My sweet little one. May I be reminded of your strength. Moreover, your courage. With gritted teeth, elephant sized salty tears and those high pitch shrieks calling out for me, the damage was done. Accidents that seize the heart and stop time of the ways we know as normal. My mama meter's read out was hesitant at first. Processing your anger and the shock. May I remind you that you and your brother are all too often the epitome of roughandtumble. Thus, our visits to the land of falls and scrapes are frequent.
But, you clenched my hand and your eyes peered into mine a distinct delivery of discernment. One that pressed into my heart and pierced it just the same. Anger filled my presence and prayers begin to follow. Our pursuit to your prognosis was now:: Daddy, Mama and you. I will remember your Daddy's fervor over your comfort and your closeness to him. His loss of memory when asked for your birthdate by the emergency room clerk percolated into my motherhood role of task mastering and his papa bear hold on you.

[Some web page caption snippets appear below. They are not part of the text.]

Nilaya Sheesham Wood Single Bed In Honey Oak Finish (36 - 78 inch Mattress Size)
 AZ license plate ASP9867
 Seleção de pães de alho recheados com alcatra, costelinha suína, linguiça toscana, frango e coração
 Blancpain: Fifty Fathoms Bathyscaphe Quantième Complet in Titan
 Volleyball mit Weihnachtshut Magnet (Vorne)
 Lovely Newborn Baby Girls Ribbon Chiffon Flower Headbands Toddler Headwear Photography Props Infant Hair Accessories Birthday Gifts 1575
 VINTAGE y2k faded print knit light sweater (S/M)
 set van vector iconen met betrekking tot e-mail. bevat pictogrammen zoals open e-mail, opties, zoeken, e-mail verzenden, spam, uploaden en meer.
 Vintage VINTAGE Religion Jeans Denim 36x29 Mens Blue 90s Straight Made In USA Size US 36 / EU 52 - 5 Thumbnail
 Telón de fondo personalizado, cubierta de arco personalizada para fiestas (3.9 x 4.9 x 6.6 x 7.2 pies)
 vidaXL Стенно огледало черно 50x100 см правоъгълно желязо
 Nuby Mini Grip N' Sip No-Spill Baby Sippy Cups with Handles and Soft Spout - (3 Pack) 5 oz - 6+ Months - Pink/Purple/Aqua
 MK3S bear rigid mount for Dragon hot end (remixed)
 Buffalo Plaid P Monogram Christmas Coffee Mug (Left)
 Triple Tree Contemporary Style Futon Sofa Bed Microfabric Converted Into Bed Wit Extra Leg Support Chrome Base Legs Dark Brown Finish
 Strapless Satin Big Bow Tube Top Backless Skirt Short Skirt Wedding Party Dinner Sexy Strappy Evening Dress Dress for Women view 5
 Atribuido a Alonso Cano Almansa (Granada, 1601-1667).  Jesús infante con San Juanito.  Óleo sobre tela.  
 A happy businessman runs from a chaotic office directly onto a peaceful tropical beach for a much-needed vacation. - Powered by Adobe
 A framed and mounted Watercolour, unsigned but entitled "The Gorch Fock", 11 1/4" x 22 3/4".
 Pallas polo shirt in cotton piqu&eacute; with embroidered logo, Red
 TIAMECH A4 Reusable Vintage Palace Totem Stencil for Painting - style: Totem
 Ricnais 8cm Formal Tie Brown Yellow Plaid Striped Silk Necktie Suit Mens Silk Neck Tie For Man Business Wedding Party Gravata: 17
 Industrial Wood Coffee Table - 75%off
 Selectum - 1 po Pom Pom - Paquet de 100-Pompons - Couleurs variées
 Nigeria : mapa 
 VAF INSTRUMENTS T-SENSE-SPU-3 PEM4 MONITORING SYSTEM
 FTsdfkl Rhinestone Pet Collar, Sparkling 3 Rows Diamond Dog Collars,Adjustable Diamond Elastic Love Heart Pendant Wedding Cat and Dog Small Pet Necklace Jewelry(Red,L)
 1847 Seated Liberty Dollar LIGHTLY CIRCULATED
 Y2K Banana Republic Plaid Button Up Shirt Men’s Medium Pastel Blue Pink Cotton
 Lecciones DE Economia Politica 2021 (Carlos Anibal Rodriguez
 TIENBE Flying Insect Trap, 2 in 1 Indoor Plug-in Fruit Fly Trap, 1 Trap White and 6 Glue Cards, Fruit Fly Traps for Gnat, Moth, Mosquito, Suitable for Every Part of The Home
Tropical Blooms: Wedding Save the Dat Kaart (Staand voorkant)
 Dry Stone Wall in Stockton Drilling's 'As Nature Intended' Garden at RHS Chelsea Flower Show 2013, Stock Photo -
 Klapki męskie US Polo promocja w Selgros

Your serenity secured us. Mama and Daddy watched on as your courage and calmness collected us. As if you were there for our comfort. Your manners were present and profound; your patience unwavering. Contorted and twisted, you remained strong and steadfast for the x-rays to confirm.
Your collar bone.
My sweet little one. Thank you for your poise. Thank you for your attitude of optimism and healing. For this tackle accident between you and your brother has stopped our normal for but a time. And, has reminded your mother of God's grace and miraculous healing. A sling for six weeks and your bone will shift on its own and grow completely back together good as new.
You are His.
And, He is so very present in you.
For being broken, I give thanks to Him. In so many ways.